6) Você acredita que a cor pode influenciar na posição social do individuo?

Certamente. Em Curitiba, por exemplo, são comuns anúncios que especificam que as candidatas para recepcionistas ou secretárias sejam loiras. Há um estereotipo definido. E o negro, para obter uma posição igual ao do branco, deve possuir uma capacidade muito maior intelectualmente ou comunicativa, pois no quesito cor de pele ele é visto como fora do padrão.


7) Qual a sua opinião sobre a presença do negro na mídia? tanto em participação, quanto na forma como veicula a imagem dele?

Houve uma melhora. Uma melhora longe de ser a ideal, mas houve. Alguns veículos de comunicação parecem acordar aos poucos. Sobretudo no que diz respeito à identidade do Brasil. É possível encontrar jornalistas negros em grandes veículos de comunicação. Atores em papéis que não se resumem aos estereótipos de padre, policial ou doméstica. Mas ainda falta muito. A proporção de negros no Brasil em relação aos negros atuando na mídia ainda não traduz a multiplicidade racial brasileira.

8) Na sua opinião o que justifica a ausência do negro (jornalista) na mídia?

A falta de oportunidades em todos os sentidos. Poderíamos enumerar a educação, a situação financeira do afro-brasileiro, e o próprio preconceito. Não há um fator predominante, uma vez que estão todos ligados um ao outro. Por exemplo, o negro não pode estudar por que é pobre. No meu primeiro ano de faculdade, havia uma negra na sala. Ela precisou sair da faculdade para trabalhar de doméstica no Estado de São Paulo. A falta de referências aos negros também influencia. Alguns possuem uma auto-estima muito baixa. Mas isso não é problema apenas dos negros. E sim das pessoas menos favorecidas, de modo geral.

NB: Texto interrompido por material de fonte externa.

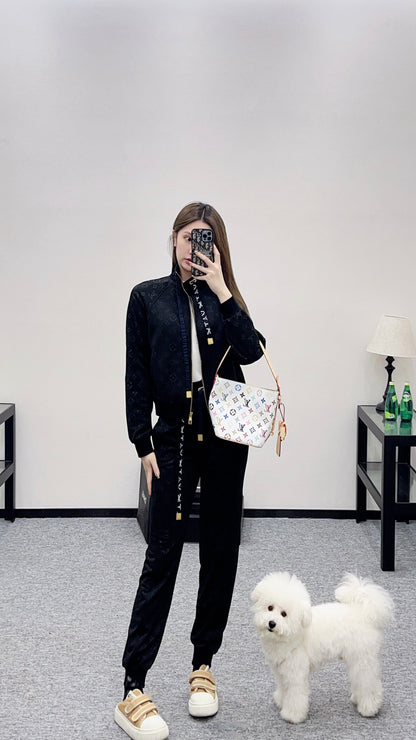 Dark pattern drawstring set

9) Para você como funciona o preconceito Brasileiro?

No caso do preconceito contra o negro, ele se esconde por trás do mito da Democracia Racial. De um modo geral, ninguém nega a importância do negro na sociedade brasileira. Mas parece haver um consenso de que algumas coisas não são coisas que um negro deva ou possa fazer. É estranho. Nos Estados Unidos, por exemplo, há um racismo evidenciado e declarado. Mas ainda assim parece ser o melhor lugar para um negro viver. O inimigo (o preconceito, no caso) é visível. No Brasil não. Talvez por isso seja comum ver negros passivos, conformados. O medo de lutar colabora para a existência do mito.


10) O que, na sua opinião, pode ser feito para mudar esta realidade?

Tudo começa com uma auto-afirmação. Um amor por si mesmo que, consequentemente, faz com que a luta pela igualdade de condições apareça. Aqui não incluo só o negro. Até porque não podemos pensar que resolver o problema do negro equivale solucionar o problema do Brasil. Incluo os pobres, os idosos, os homossexuais, os indígenas, etc. Sem o conhecimento de si mesmo, de sua história e de seus direitos, nada pode ser feito. Sei que parece um tanto romântico e utópico isso. Mas perceba que onde as coisas são um pouco melhores que aqui, é exatamente isso que acontece.

11) Você acredita que o preconceito pode um dia tornar-se algo do passado?

Acredito que podemos mudar o conceito. O conceito de que o negro é inferior, incapaz. É só o negro parar de se ver assim. Agora, de um modo geral, vejo o preconceito como uma característica do ser humano. A mania de antecipar um perfil daquilo que ainda não conhecemos – que é minha definição de “preconceito” - não acabará jamais.

12) Como você vê a questão de cor (raça) ser uma questão de classificação em vestibulares, por exemplo?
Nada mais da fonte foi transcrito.